The Liberty Gazette
December 8, 2015Ely Air Lines
By Mike Ely and Linda Street-Ely
Mike: Imagine yourself aboard an airliner departing Bush Intercontinental or Hobby. You gaze out at the city through puffy clouds when something flashes past your window. You hear a thump and the captain announces that the airplane is returning to the airport.
US Airways Flight 1549 was not able to return to the airport when such a thing happened, and landed in the Hudson River instead. Everyone escaped the aircraft and took flights on a different day. What took down Flight 1549? Birds - large Canada snow geese.
Birds instinctively dive away from aircraft when they see it coming, but I’ve taken a bird strike that left a big dent in the leading edge of the left wing on a Learjet. I’ve also experienced a direct hit on the windshield in the middle of the night.
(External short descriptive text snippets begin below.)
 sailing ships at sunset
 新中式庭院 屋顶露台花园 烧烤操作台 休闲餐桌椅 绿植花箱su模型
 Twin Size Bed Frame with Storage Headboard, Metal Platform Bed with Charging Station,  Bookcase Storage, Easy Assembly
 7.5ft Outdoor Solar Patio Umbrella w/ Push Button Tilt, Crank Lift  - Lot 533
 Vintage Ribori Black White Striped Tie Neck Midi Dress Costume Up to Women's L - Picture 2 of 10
The impact was so loud my co-pilot was wide-eyed with shock.
Birds are relatively soft and light weight, but what about drones? What instinct, what self-preservation system do they have to avoid aircraft? None.
The FAA has been under pressure to create regulations for drones. Amazon, Google and Walmart are chomping at the bit to offer delivery services via drone and are discovering the FAA does nothing fast, frustrating those companies drooling over potential profit increases.
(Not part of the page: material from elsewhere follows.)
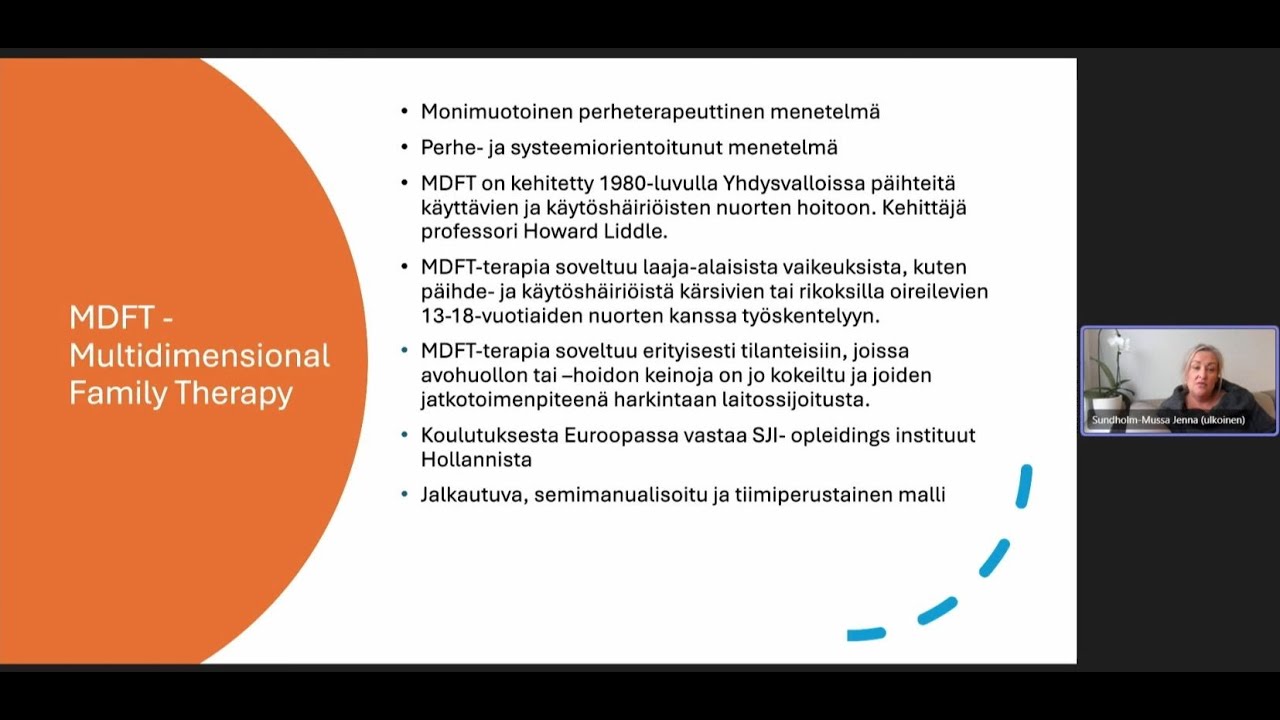 Stigmatyön foorumi 2025 - MDFT-terapia päihteitä käyttävän nuoren ja perheen tukena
More than one million buzzing, bug-like drone craft will be sold as "Christmas presents" this year. What’s to keep someone from flying one into an airliner landing at Bush? A drone operator not trained properly or who is cavalier about their responsibility can cause real trouble, so now those who play with drones will be subject to regulations.
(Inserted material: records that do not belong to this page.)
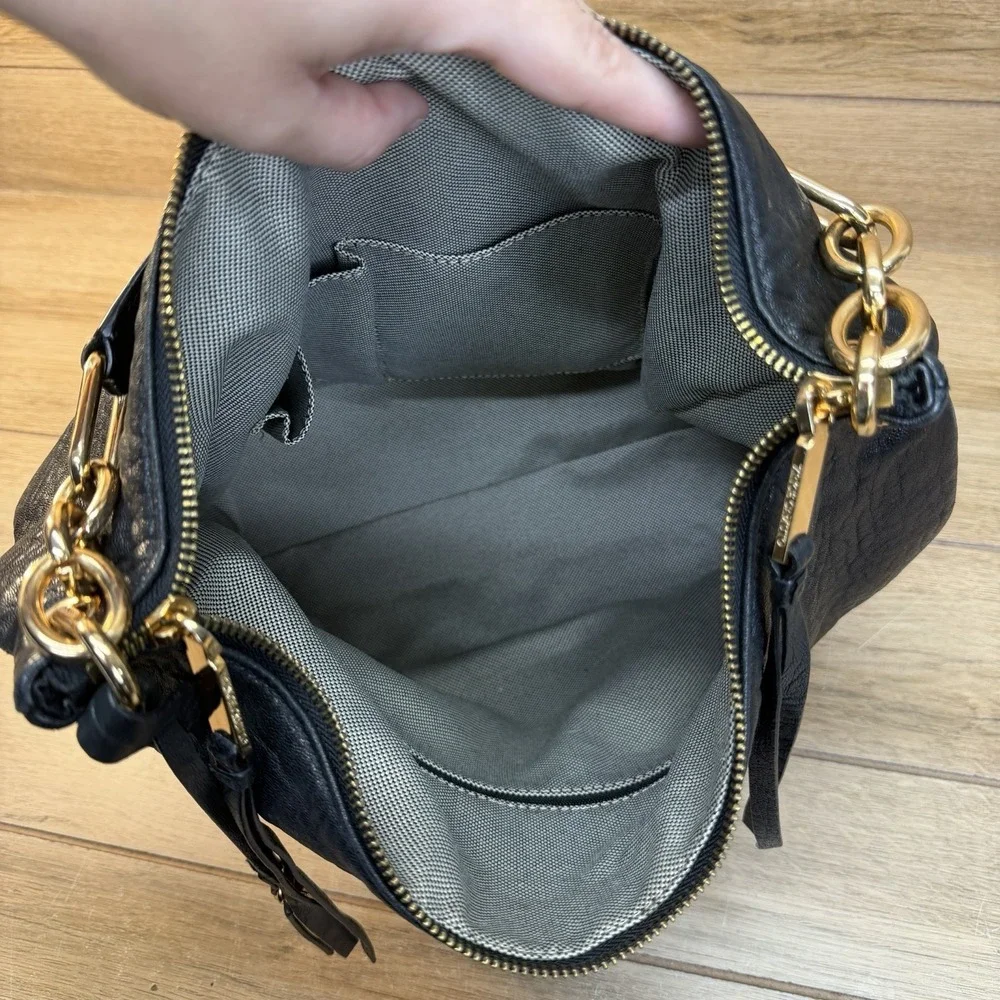 Vince Camuto Black Leather Hobo Bag Slouchy Shoulder Handbag Tumbled Crinkle
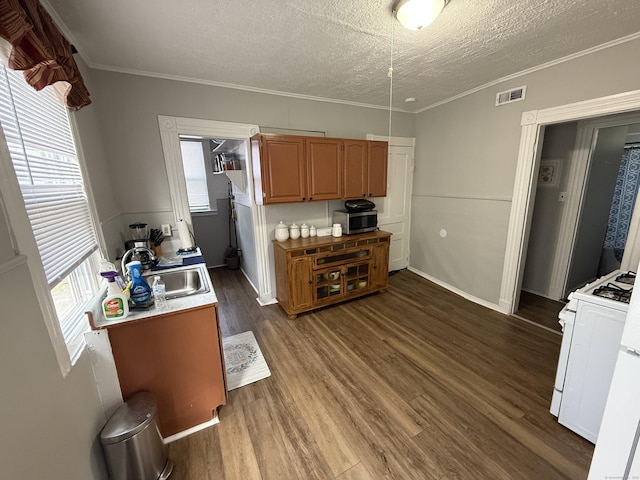 148 Plymouth St, New Haven, CT 06519 - kitchen featuring a textured ceiling, stainless steel microwave, a sink, visible vents, and white gas range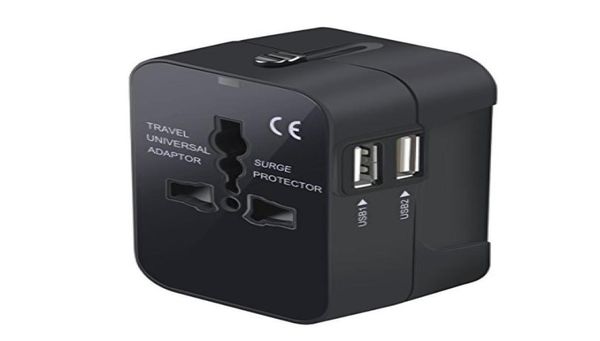 Convertitore Adapte da viaggio in tutto il mondo tutto in un caricatore universale per lotta per la spina elettrica a parete con doppia porta di ricarica USB2580139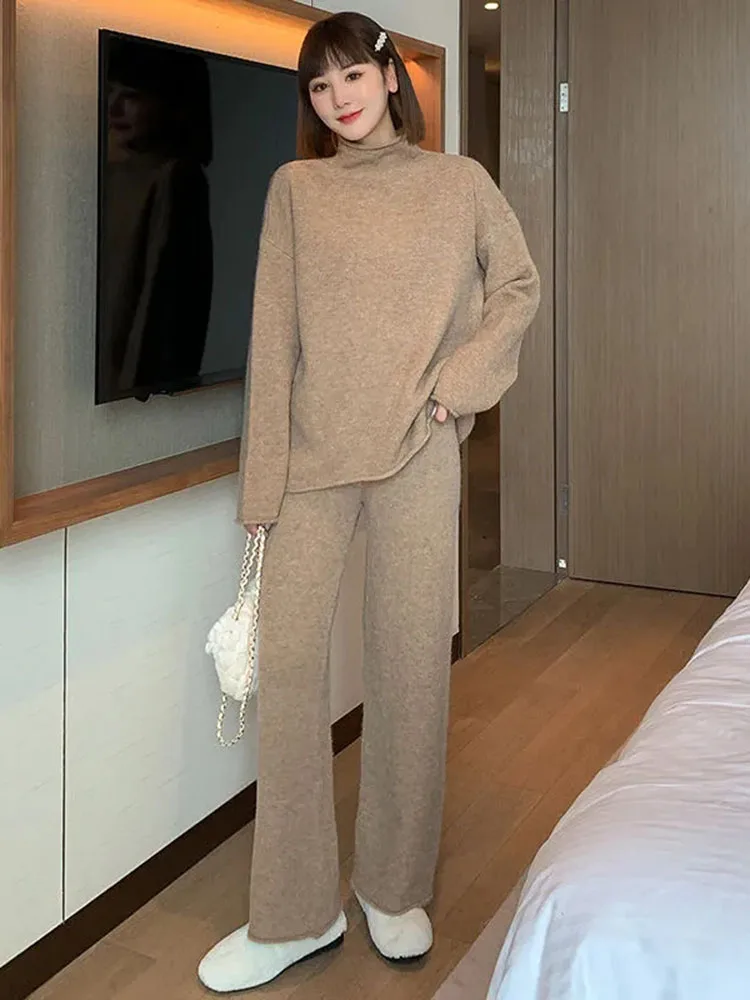 Spring Fall 2 Piece Sets Half High Collar Soft Pullovers Ensemble High Waist Wide Leg Pant Suits Knit Solid Color Conjuntos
FAA: Flying a drone anywhere in U.S. airspace automatically makes the operator become part of the U.S. aviation system. Under the law, the drone is an aircraft, so while rules for drones may be different, drone operators carry responsibility for safe operation, the same as a Cessna or 747 pilot.
Linda: The FAA is still working on the new regulations but the agency is opening the door to commercial drone operations. What must be answered is how to certify the person operating the drone craft, and this next part is very important.
Last week the FAA authorized Kansas State University Polytechnic to train students and companies on flying unmanned aircraft, and created a mandatory registration process for drones.
Drones weighing more than 0.55 pounds it must be registered. The process is simple, and can be done through an app or online. An electronic certificate is immediately issued along with an identification number that must be marked on the drone prior to it being flown. The FAA then provides the new drone owner with information on where it is legal and not legal to fly their toy.
Federal guidelines for safe flight include no flying at night, no flying beyond line-of-sight, and no flying over populated areas. Operators must act responsibly. If an accident occurs the results can devastate entire families.
If you or someone you know is purchasing a drone this year, be sure you play it safe, play by the rules, and don’t risk lives: register your drone and fly it safely, avoiding incursions.